Dedicated to the devotional, exegetical and philosophical study of theological paradox in Conservative, Thoroughly Biblical, Historically Orthodox, Essentially Reformed theology . . . to the glory of God alone!

Thursday, May 14, 2009

Calvin on the Omnipresence of Christ

More THEOparadox from Calvin:

Ephesians 4:10 "He who descended is Himself also He who ascended far above all the heavens, so that He might fill all things."

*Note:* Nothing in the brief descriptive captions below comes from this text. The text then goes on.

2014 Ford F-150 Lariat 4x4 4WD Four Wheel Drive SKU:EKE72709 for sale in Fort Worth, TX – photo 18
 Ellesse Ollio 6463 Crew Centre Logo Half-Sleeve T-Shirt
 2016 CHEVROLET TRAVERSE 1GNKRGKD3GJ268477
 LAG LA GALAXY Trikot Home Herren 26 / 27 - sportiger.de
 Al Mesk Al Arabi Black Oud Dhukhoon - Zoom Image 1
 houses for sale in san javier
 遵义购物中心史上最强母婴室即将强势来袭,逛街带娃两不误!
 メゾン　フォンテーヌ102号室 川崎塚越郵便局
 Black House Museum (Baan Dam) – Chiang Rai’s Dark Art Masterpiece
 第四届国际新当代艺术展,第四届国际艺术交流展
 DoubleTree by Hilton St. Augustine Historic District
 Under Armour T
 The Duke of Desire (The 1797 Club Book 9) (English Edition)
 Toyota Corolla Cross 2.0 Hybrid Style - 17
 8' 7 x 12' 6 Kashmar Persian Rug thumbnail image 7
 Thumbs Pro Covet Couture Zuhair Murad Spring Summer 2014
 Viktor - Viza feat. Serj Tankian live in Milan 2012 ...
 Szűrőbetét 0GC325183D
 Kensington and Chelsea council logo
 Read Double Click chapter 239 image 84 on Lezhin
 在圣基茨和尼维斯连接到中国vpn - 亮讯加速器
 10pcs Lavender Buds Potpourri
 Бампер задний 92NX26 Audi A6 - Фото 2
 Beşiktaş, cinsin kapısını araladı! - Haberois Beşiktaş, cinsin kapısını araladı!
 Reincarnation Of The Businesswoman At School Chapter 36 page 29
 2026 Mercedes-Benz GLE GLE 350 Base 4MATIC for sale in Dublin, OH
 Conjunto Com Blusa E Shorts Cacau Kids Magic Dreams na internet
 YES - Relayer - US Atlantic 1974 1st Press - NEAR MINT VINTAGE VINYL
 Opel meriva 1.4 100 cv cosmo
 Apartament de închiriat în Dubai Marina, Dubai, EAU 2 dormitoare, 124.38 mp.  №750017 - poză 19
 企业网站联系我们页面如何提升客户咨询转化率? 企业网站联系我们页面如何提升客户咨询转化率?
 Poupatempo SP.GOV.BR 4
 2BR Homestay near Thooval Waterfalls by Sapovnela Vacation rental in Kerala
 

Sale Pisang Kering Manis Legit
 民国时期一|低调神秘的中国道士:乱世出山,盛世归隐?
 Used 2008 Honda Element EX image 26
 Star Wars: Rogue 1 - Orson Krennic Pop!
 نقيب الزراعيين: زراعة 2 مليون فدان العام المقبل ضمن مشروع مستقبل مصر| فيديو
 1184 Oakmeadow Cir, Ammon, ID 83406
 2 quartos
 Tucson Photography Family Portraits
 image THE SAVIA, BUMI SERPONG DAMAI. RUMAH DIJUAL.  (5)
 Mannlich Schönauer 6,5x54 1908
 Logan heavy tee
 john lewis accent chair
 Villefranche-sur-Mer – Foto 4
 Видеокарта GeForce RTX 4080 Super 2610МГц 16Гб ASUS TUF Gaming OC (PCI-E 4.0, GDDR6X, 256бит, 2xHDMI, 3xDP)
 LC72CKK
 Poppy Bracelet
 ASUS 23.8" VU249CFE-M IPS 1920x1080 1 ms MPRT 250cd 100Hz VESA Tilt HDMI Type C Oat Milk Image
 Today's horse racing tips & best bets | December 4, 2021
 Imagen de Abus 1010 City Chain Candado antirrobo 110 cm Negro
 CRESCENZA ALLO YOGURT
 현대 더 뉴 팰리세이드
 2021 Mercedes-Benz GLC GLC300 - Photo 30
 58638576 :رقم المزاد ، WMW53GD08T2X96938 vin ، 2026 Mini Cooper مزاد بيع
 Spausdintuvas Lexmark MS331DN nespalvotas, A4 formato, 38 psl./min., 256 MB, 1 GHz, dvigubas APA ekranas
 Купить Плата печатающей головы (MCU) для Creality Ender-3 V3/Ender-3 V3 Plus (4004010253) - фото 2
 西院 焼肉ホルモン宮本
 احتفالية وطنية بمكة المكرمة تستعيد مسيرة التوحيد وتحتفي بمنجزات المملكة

"To fill often signifies to finish, and it might have that meaning here; for, by his ascension into heaven, Christ entered into the possession of the authority given to him by the Father, that he might rule and govern all things. But a more beautiful view, in my opinion, will be obtained by connecting two meanings which, though apparently contradictory, are perfectly consistent. When we hear of the ascension of Christ, it instantly strikes our minds that he is removed to a great distance from us; and so he actually is, with respect to his body and human presence. But Paul reminds us, that, while he is removed from us in bodily presence, he fills all things by the power of his Spirit. Wherever the right hand of God, which embraces heaven and earth, is displayed, Christ is spiritually present by his boundless power; although, as respects his body, the saying of Peter holds true, that

'the heaven must receive him until the times of restitution of all things, which God hath spoken by the mouth of all his holy prophets since the world began.' (Ac 3:21)

By alluding to the seeming contradiction, the apostle has added not a little beauty to his language. He ascended; but it was that he, who was formerly bounded by a little space, might fill all things. But did he not fill them before? In his divine nature, I own, he did; but the power of his Spirit was not so exerted, nor his presence so manifested, as after he had entered into the possession of his kingdom."